• Stored items from a collection
____________________

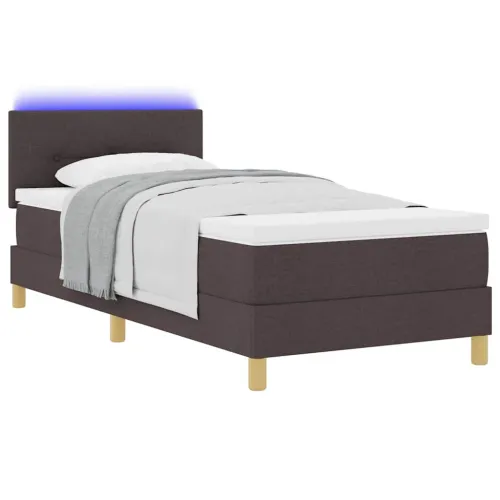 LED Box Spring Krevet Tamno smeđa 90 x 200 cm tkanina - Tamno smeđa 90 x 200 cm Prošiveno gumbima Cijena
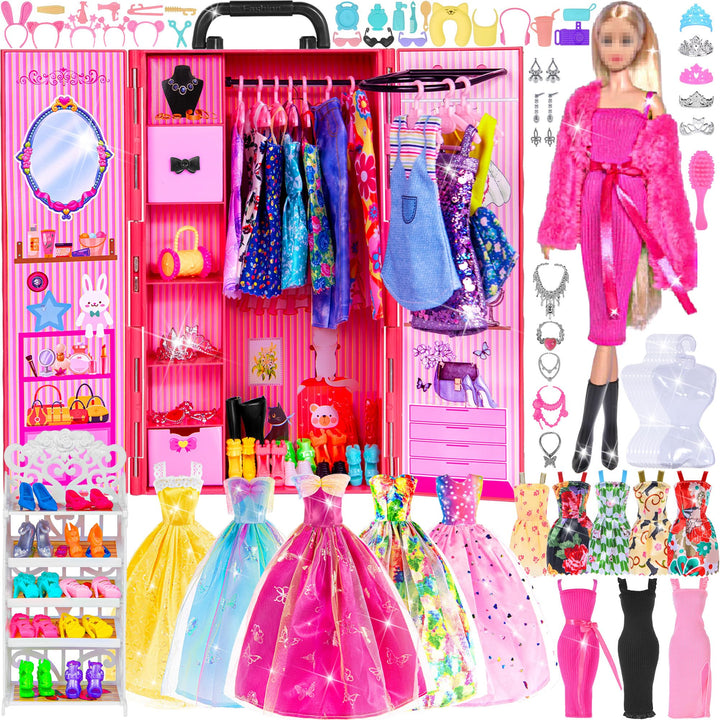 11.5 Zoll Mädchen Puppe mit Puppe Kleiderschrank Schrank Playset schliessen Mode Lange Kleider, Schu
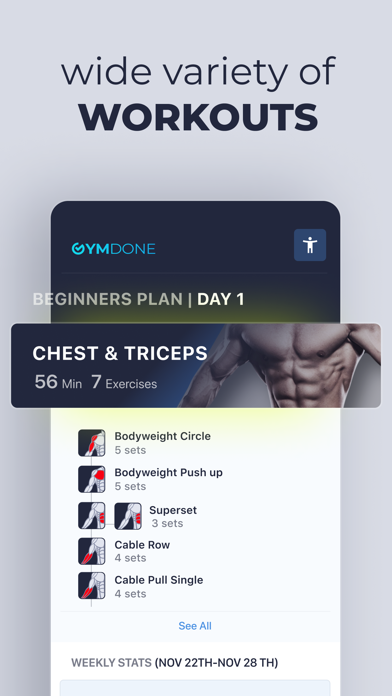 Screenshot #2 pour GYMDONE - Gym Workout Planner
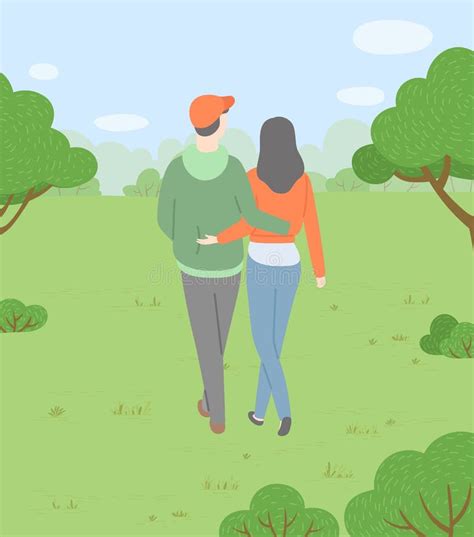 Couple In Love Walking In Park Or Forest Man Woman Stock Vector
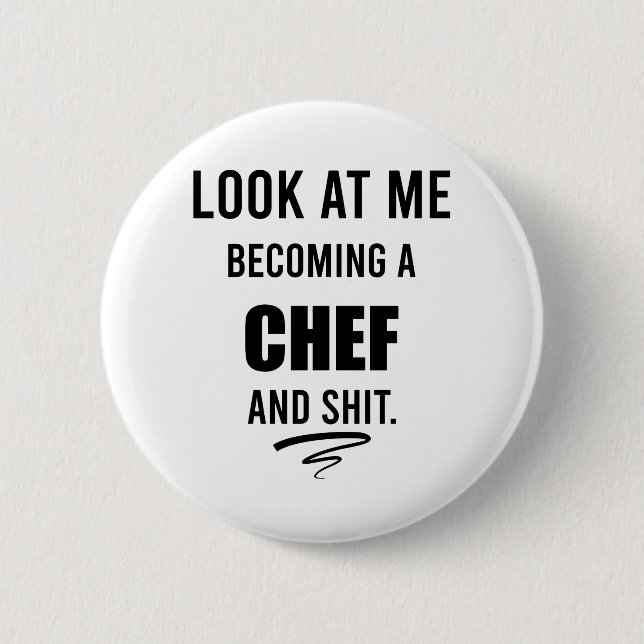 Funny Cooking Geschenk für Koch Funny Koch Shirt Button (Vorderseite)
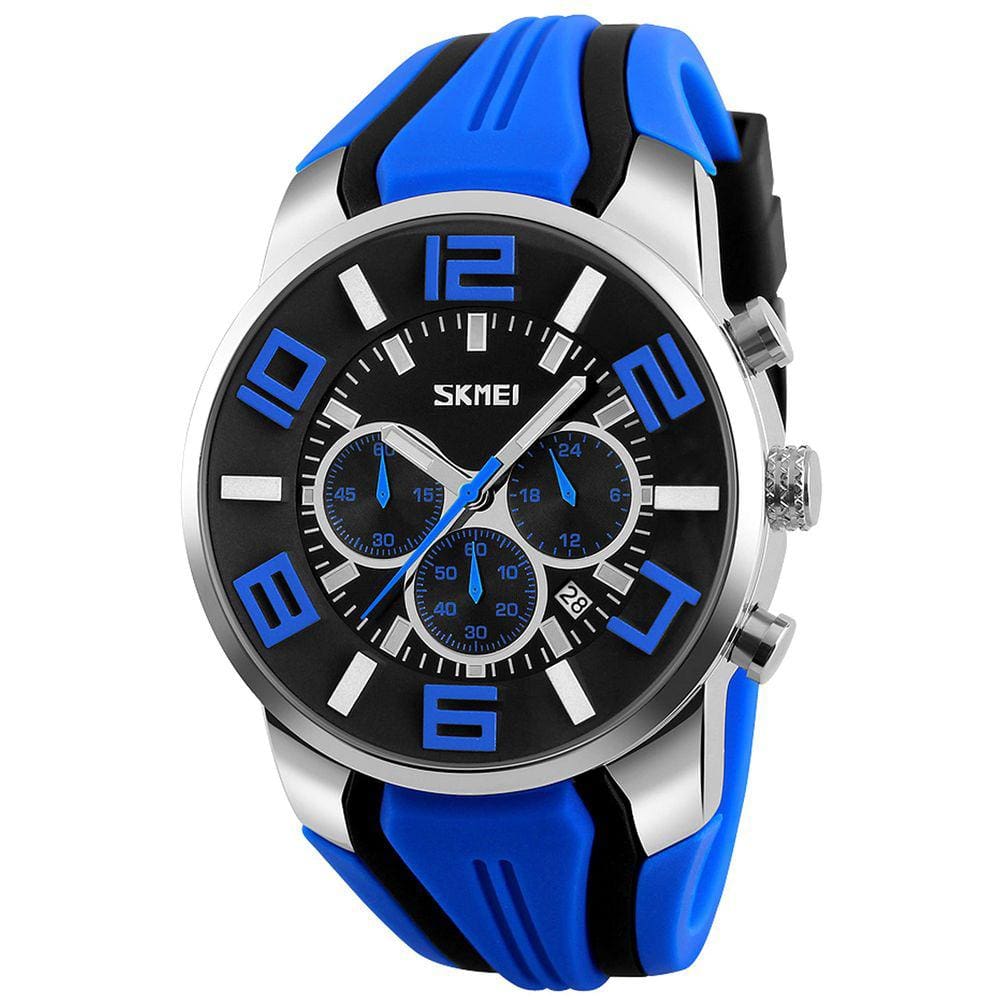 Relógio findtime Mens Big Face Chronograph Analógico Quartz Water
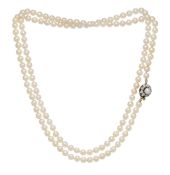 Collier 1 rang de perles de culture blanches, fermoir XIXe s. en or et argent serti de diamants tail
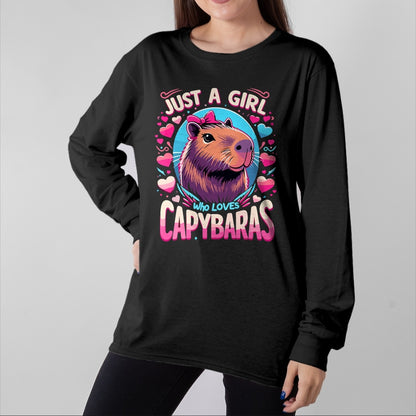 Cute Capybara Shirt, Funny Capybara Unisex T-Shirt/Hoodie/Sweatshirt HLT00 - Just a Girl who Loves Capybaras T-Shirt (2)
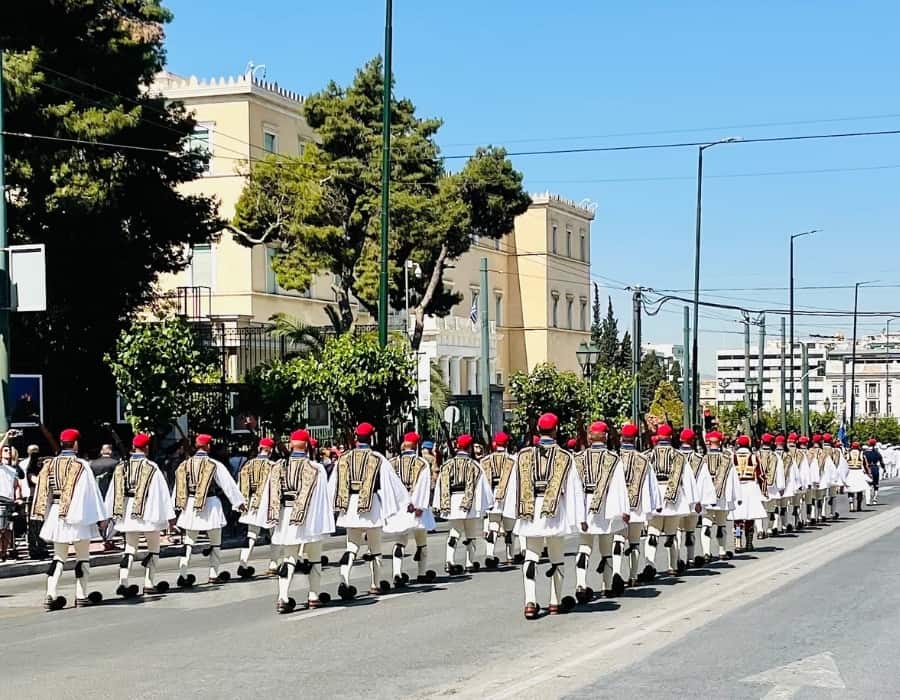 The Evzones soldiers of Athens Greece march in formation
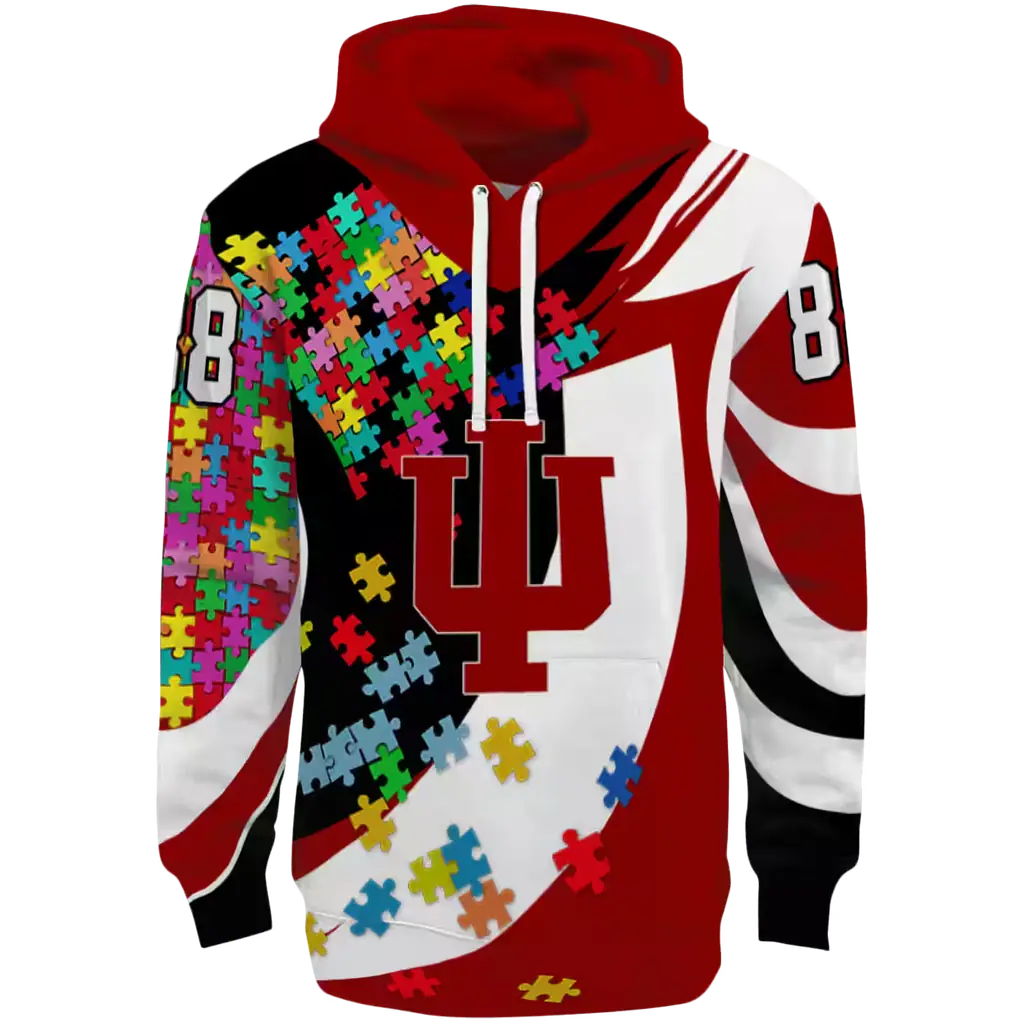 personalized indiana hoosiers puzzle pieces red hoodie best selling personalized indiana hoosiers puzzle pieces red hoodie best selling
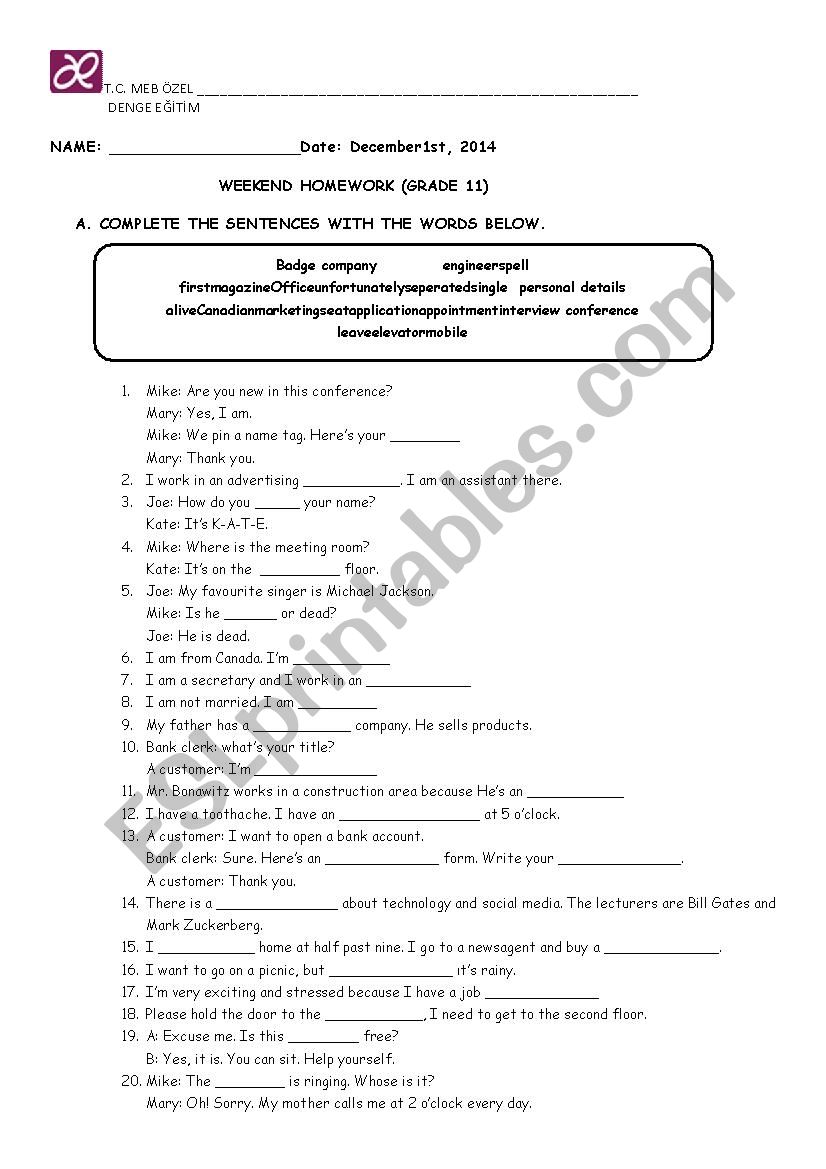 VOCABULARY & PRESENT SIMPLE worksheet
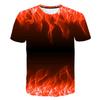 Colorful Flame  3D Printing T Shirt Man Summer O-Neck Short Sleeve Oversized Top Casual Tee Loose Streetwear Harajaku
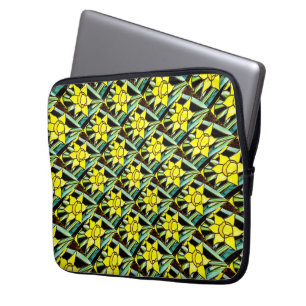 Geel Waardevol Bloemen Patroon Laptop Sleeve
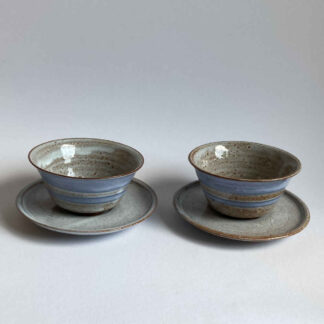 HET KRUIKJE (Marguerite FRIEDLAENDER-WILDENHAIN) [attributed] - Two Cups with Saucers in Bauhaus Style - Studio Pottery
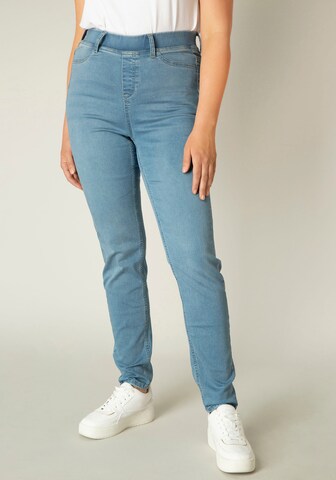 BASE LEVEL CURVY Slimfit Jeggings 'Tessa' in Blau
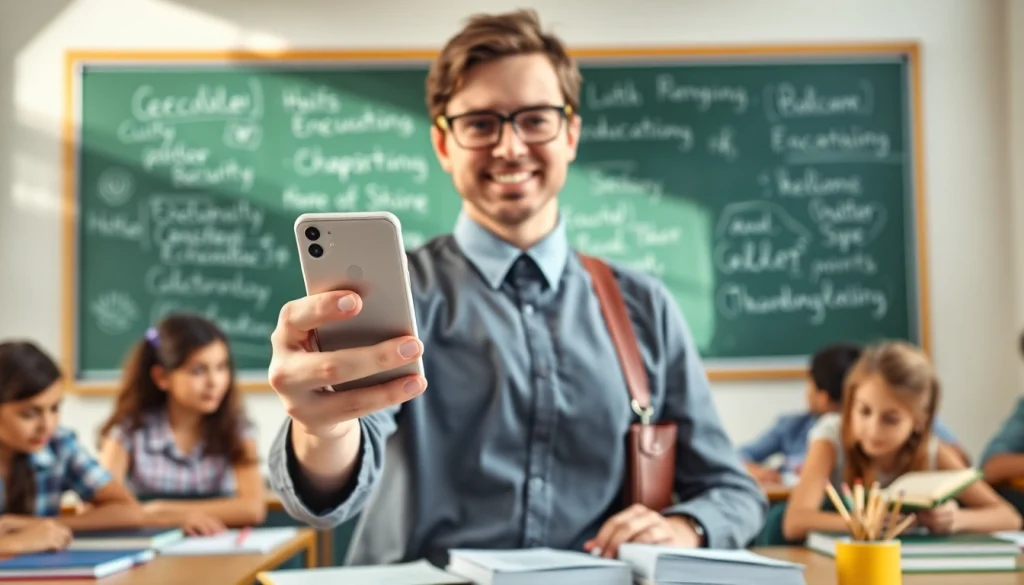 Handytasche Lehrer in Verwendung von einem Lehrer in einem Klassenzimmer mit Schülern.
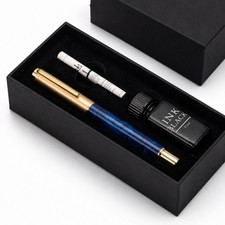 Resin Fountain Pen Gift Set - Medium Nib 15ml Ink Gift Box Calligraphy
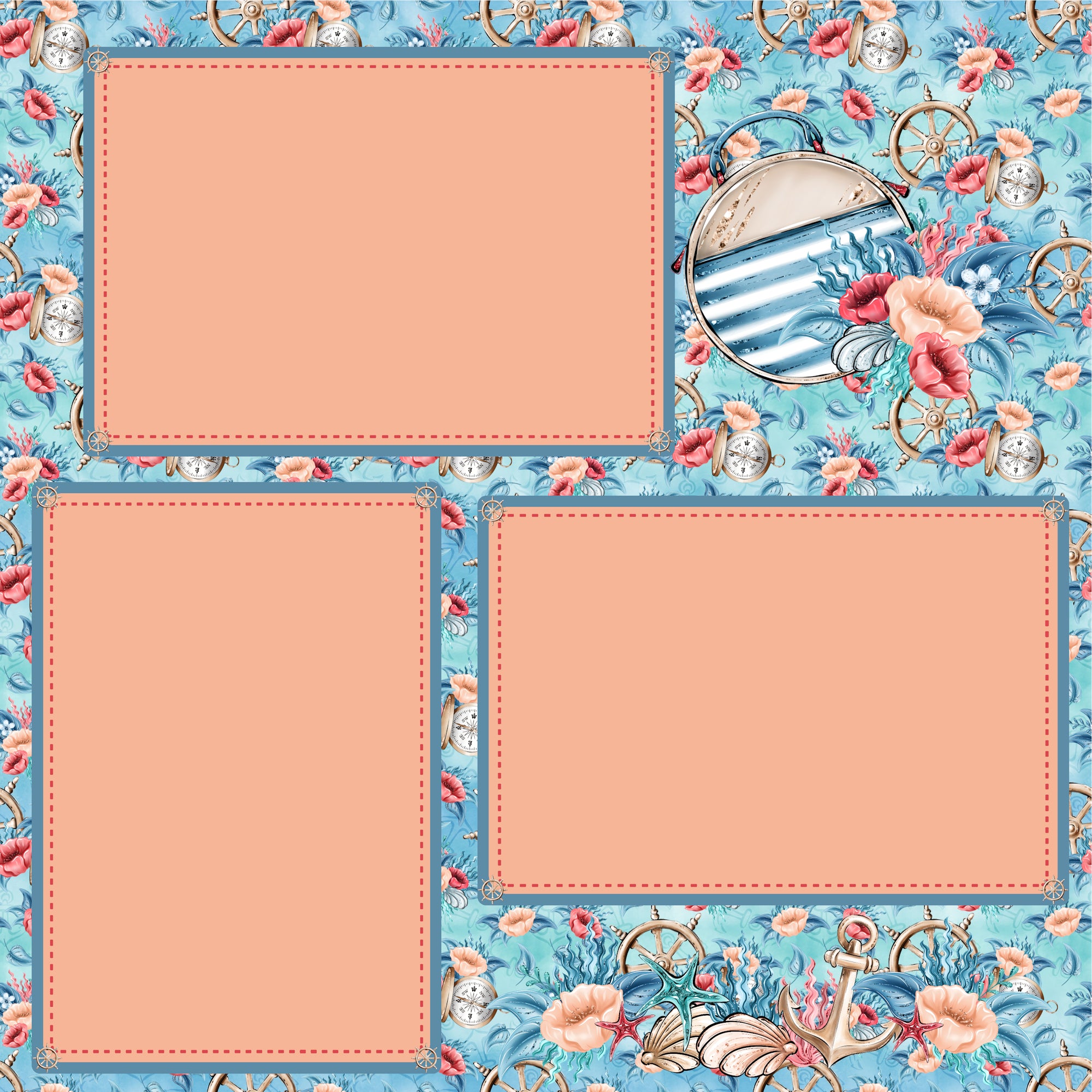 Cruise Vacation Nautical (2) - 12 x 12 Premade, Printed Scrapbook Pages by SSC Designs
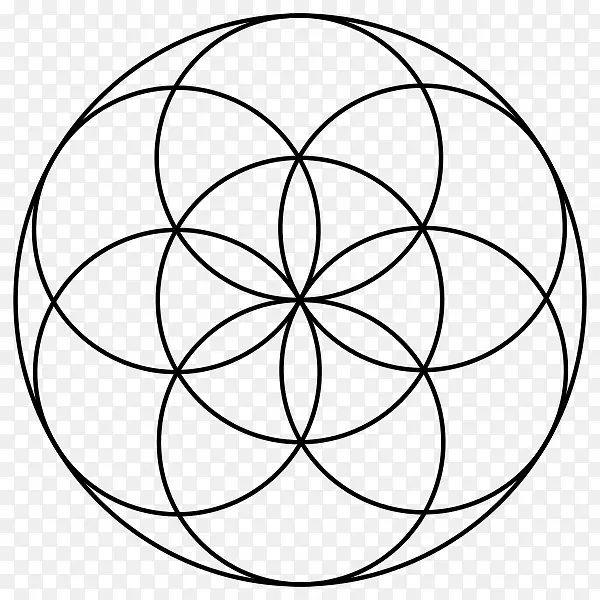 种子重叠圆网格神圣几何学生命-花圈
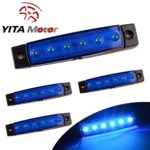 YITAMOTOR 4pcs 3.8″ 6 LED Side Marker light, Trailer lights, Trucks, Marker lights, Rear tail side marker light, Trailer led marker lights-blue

____________________

• Assigned task
Output every entry word for word, but omit the pictures.

• Result of the exercise
 LED Box Spring Krevet Tamno smeđa 90 x 200 cm tkanina - Tamno smeđa 90 x 200 cm Prošiveno gumbima Cijena
 11.5 Zoll Mädchen Puppe mit Puppe Kleiderschrank Schrank Playset schliessen Mode Lange Kleider, Schu
 Screenshot #2 pour GYMDONE - Gym Workout Planner
 Couple In Love Walking In Park Or Forest Man Woman Stock Vector
 Funny Cooking Geschenk für Koch Funny Koch Shirt Button (Vorderseite)
 Relógio findtime Mens Big Face Chronograph Analógico Quartz Water
 Collier 1 rang de perles de culture blanches, fermoir XIXe s. en or et argent serti de diamants tail
 Cute Capybara Shirt, Funny Capybara Unisex T-Shirt/Hoodie/Sweatshirt HLT00 - Just a Girl who Loves Capybaras T-Shirt (2)
 The Evzones soldiers of Athens Greece march in formation
 personalized indiana hoosiers puzzle pieces red hoodie best selling personalized indiana hoosiers puzzle pieces red hoodie best selling
 VOCABULARY & PRESENT SIMPLE worksheet
 Colorful Flame  3D Printing T Shirt Man Summer O-Neck Short Sleeve Oversized Top Casual Tee Loose Streetwear Harajaku
 Geel Waardevol Bloemen Patroon Laptop Sleeve
 HET KRUIKJE (Marguerite FRIEDLAENDER-WILDENHAIN) [attributed] - Two Cups with Saucers in Bauhaus Style - Studio Pottery
 BASE LEVEL CURVY Slimfit Jeggings 'Tessa' in Blau
 Handytasche Lehrer in Verwendung von einem Lehrer in einem Klassenzimmer mit Schülern.
 Resin Fountain Pen Gift Set - Medium Nib 15ml Ink Gift Box Calligraphy
 Cruise Vacation Nautical (2) - 12 x 12 Premade, Printed Scrapbook Pages by SSC Designs
 种子重叠圆网格神圣几何学生命-花圈
 YITAMOTOR 4pcs 3.8″ 6 LED Side Marker light, Trailer lights, Trucks, Marker lights, Rear tail side marker light, Trailer led marker lights-blue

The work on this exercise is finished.